It is time to think about things. Or, more precisely, things.
Many of us are scouring the shops - virtually or in person - for things for Christmas. Presents, decorations, food. Lists to check off. So. Many. Things.
Each year the state government produces a list of dangerous or inappropriate things to steer clear of.
This year's batch includes a toy duck that lays choking hazard eggs, a penguin lighter that could burn the house down and magnet toys that can eat through abdominal organs.
The dangerous toy duck piqued my interest. Yes, there it is on YouTube, being reverently unboxed and set up.
The yellow duck waddles around producing music and flashing lights before its trap-door behind suddenly swings open to eject three small plastic eggs.
On Google Images I find the Penguin lighter.

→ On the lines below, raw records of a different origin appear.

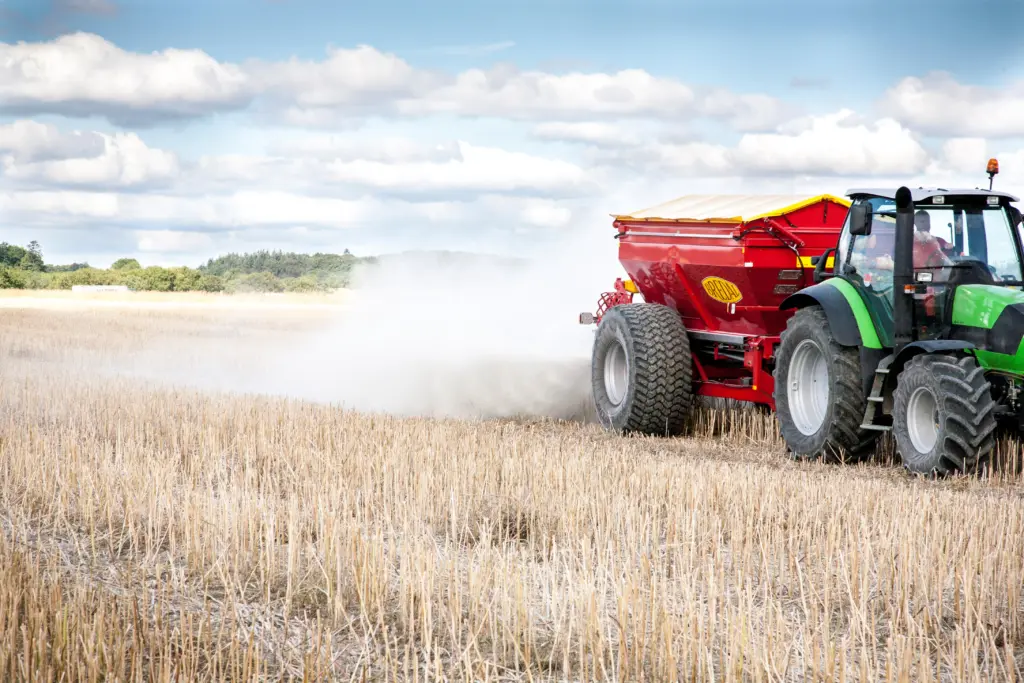 En grønn traktor trekker en rød Bredal kalkspreder som sprer kalk på en åker.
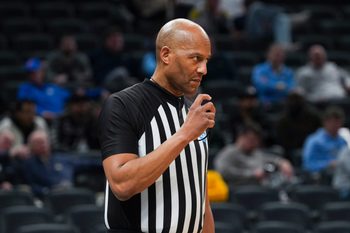 NCAA referee Bert Smith keeps his whistle at the ready Friday, March 22, 2024, during the first round of the NCAA Men’s Basketball Tournament at Gainbridge Fieldhouse in Indianapolis. The Colorado Buffaloes defeated the Florida Gators 102-100.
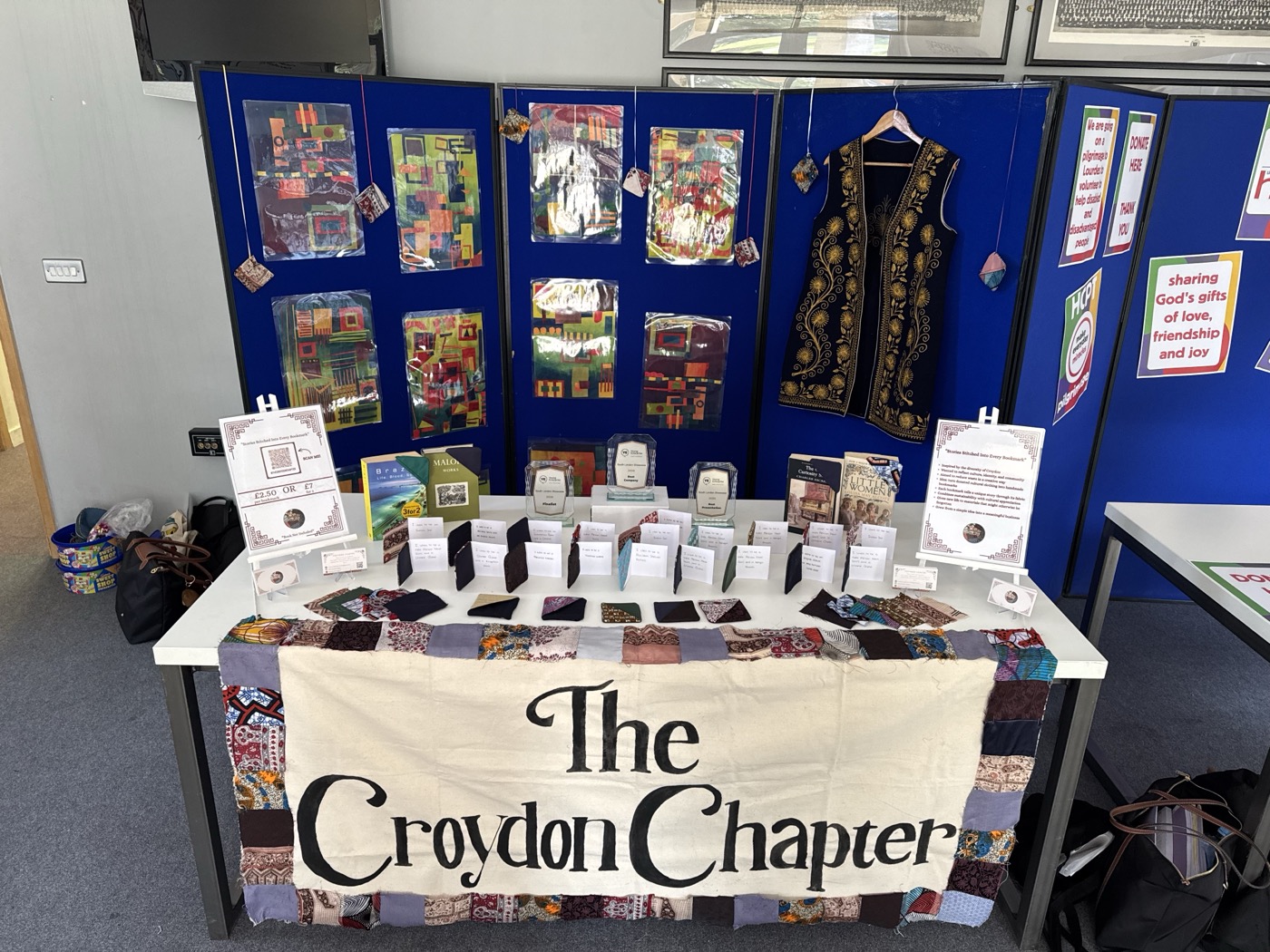The Croydon Chapter display at a school event with banner, products and donated cultural garment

It looks like a bubble bath toy, highly appealing to three year olds.
Yes, these things are clearly dangerous to individual little humans.
But I'm waiting for the day when we zoom out and see that the giant piles of mass produced things, shipped around the world, enjoyed for a moment and then discarded, are truly understood to be "dangerous and inappropriate" for the planet.
The sheer scale of it these days, particularly in affluent countries like ours, is off the charts.
One problem is that it is all so ridiculously cheap because we do not factor in the cost to the environment of producing and disposing of it all. The other day I was looking at an old Woolworth's catalogue from the early 1980s.
There were pages of household furniture and appliances, mostly made in Australia, sturdy and expensive. Those things were made to last for decades, not one or two years. They were investments.
I still remember the one wooden spoon we had in our house throughout my entire childhood. Just the one, blackened with use. We had a small square laminated chopping board, the only chopping board in the house.
They were objects so familiar to me that they seemed to have their own personalities.
These days, such items come and go, unheralded, ridiculously cheap. You can buy packets of wooden spoons and pick up four bendy plastic chopping boards for a couple of dollars.
I'm part of this consumerist orgy, tied in by the expectations and rituals of family and friends. But it is possible to tone it down or find gifts that will not so quickly end up in landfill.
Safety first can be extended to the planet as well as our loved ones.